Rechtliche Beurteilung
[3] Dagegen richtet sich die auf § 281 Abs 1 Z 9 lit a und 11 StPO gestützte Nichtigkeitsbeschwerde des Betroffenen, die ihr Ziel verfehlt.
[4] Die Rechtsrüge (Z 9 lit a) nimmt mit den bloß allgemein gehaltenen Behauptungen, die Feststellungen zur subjektiven Tatseite trügen „den Schuldspruch, insbesondere im Zusammenhang mit der Unterbringung nach § 21 StGB“ nicht, das Erstgericht hätte „zur Wissenskomponente und auch der Wollenskomponente entsprechende detaillierte Feststellungen zu treffen gehabt“, und die „entsprechenden Anforderungen“ an die Feststellung zur subjektiven und zur objektiven Tatseite seien nicht erfüllt, weder die Gesamtheit der Konstatierungen (vgl aber US 4 f) in den Blick (RIS‑Justiz RS0099810), noch legt sie dar, welche (weiteren) Feststellungen zur rechtsrichtigen Subsumtion der Anlasstat erforderlich gewesen wären (RIS‑Justiz RS0099620 [T6]).
[5] Das weitere Vorbringen, es wäre „mit Freispruch vorzugehen gewesen“ (vgl aber RIS-Justiz RS0117261 [T5]; Lendl, WK-StPO § 259 Rz 15), hätte sich das Erstgericht „mit den entsprechenden Feststellungen auseinandergesetzt“, erschöpft sich in – in dieser Form unzulässiger – Beweiswürdigungskritik.
[6] Worin die von der Sanktionsrüge (Z 11 erster Fall) behauptete Überschreitung der Anordnungsbefugnis liegen sollte, wird durch den bloßen Verweis auf die Ausführungen zur Rechtsrüge (vgl aber RIS-Justiz RS0115902) nicht dargelegt. Die in diesem Zusammenhang aufgestellte Behauptung von Nichtigkeit aus Z 11, weil das Erstgericht die Anlasstat unrichtig beurteilt habe, geht nicht vom Ausspruch des Urteils über die Begehung und die Subsumtion der Anlasstat aus (US 4 f) und entzieht sich einer inhaltlichen Erwiderung (vgl im Übrigen Haslwanter in WK2 StGB Vor §§ 21–25 Rz 8 f).
[7] Die Nichtigkeitsbeschwerde war daher – in Übereinstimmung mit der Stellungnahme der Generalprokuratur – bereits bei der nichtöffentlichen Beratung sofort zurückzuweisen (§ 285d Abs 1 StPO). Demnach kommt die Entscheidung über die Berufung dem Oberlandesgericht zu (§ 285i StPO).

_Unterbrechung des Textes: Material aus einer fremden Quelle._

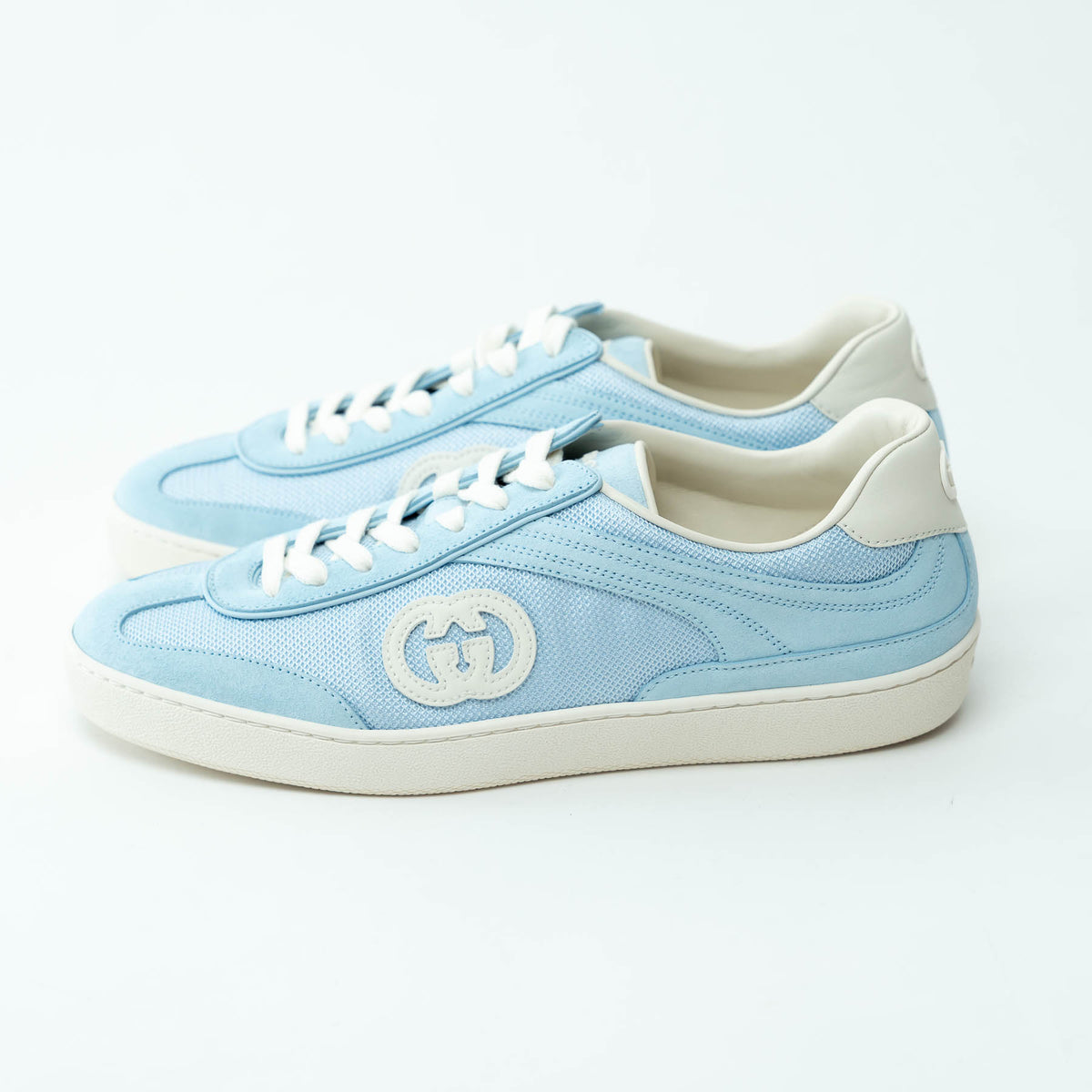 Gucci Baby Blue Mesh/Suede Low-Top Sneakers Size 39 & 39.5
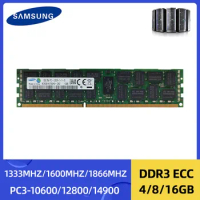 2/4PCS Samsung Server Memoria DDR3 4GB 8GB 16GB 1333 1600 1866MHz Server Memory PC3-12800R REG ECC RAM Registered Memory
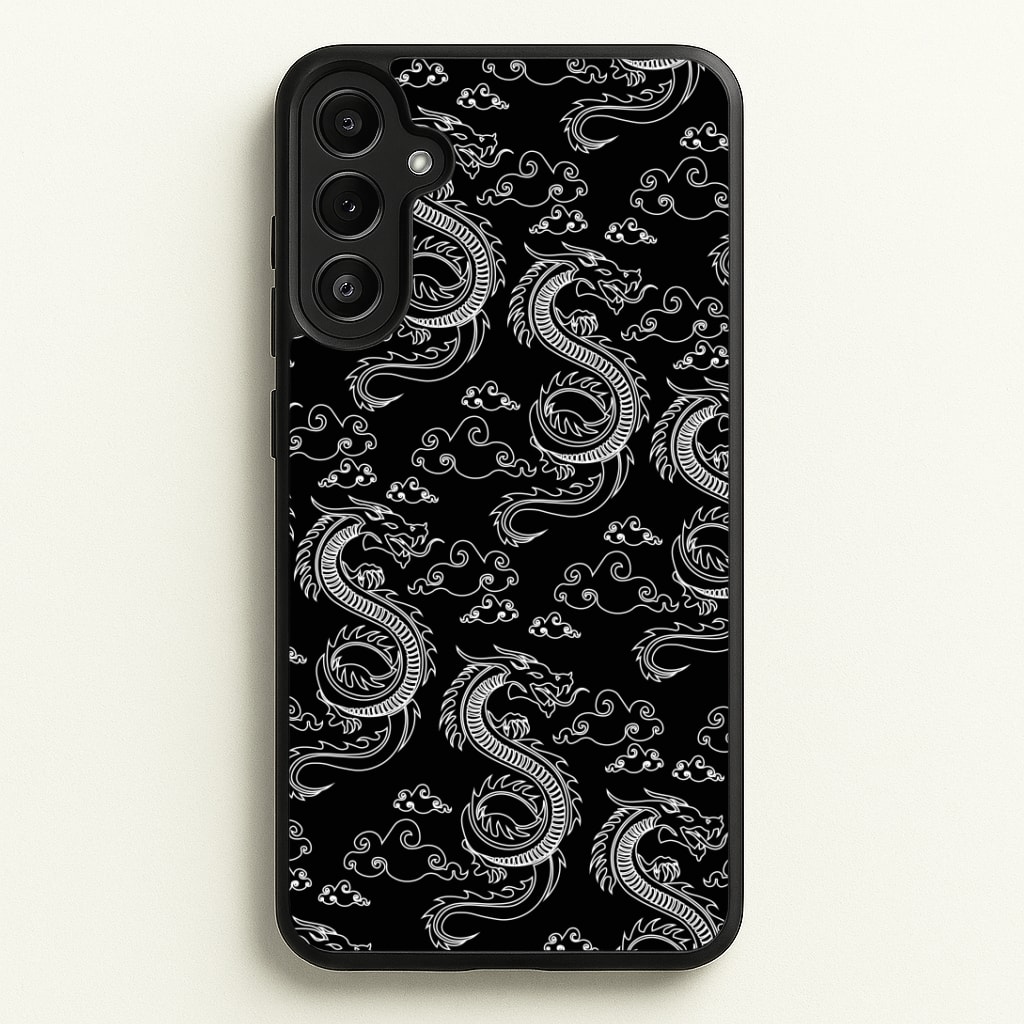 Black And White Dragon Pattern Phone Case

[8] Dieses wird zu beachten haben, dass die Gefährlichkeitsprognose unzureichend konkretisiert ist (Z 11 zweiter Fall). Denn dem Erfordernis, die Prognosetaten im Urteil zumindest ihrer Art nach näher zu umschreiben (RIS‑Justiz RS0113980 [insb T8]), kann zwar (auch) dadurch entsprochen werden, dass bestimmte mit Strafe bedrohte Handlungen angeführt werden, diesfalls muss sich jedoch schon daraus zweifellos ergeben, dass diese zwangsläufig mit schweren Folgen im Sinn des § 21 Abs 1 StGB einhergehen.
[9] Vorliegend hat das Erstgericht jedoch (unter Übernahme der entsprechenden Passage aus dem Gutachten des psychiatrischen Sachverständigen [ON 7.1, 14, ON 13.2, 20])bloß die Befürchtung zum Ausdruck gebracht, der Betroffene werde (ohne die angeordnete Maßnahme) mit hoher Wahrscheinlichkeit „neuerliche schwerwiegende Tathandlungen (…) (vorsätzliche auch schwere Körperverletzung, Widerstand gegen die Staatsgewalt)“ begehen (US 6).
[10] Während im hier aktuellen Fall des § 21 Abs 3 zweiter Satz StGB Widerstand gegen die Staatsgewalt als Prognosetat nicht in Betracht kommt (Haslwanter in WK² StGB § 21 Rz 33), stellt die – vom Erstgericht erkennbar angesprochene (US 3) – Körperverletzung an einem Beamten während oder wegen der Vollziehung seiner Aufgaben oder der Erfüllung seiner Pflichten per se nicht zwangsläufig eine Tat mit schweren Folgen dar. Deren Beurteilung als solche im Sinn des § 21 Abs 1 StGB setzt daher ihre sachverhaltsmäßige Umschreibung der Art nach einschließlich der zuvor geschilderten tatbestandsmäßigen Folgen und darüber hinausgehenden konkreten Tatauswirkungen voraus (vgl RIS‑Justiz RS0118581 [T9]; 14 Os 78/24p Rz 7 [mwN]; zum Ganzen Haslwanter in WK2 StGB § 21 Rz 26 f und 32). Diesem Erfordernis werden die gegenständlichen Urteilsannahmen nicht gerecht.
[11] Zu einer amtswegigen Wahrnehmung (§ 290 Abs 1 zweiter Satz erster Fall StPO) dieser Nichtigkeit sah sich der Oberste Gerichtshof mit Blick auf die zugleich erhobene Berufung des Betroffenen nicht veranlasst (RIS‑Justiz RS0119220).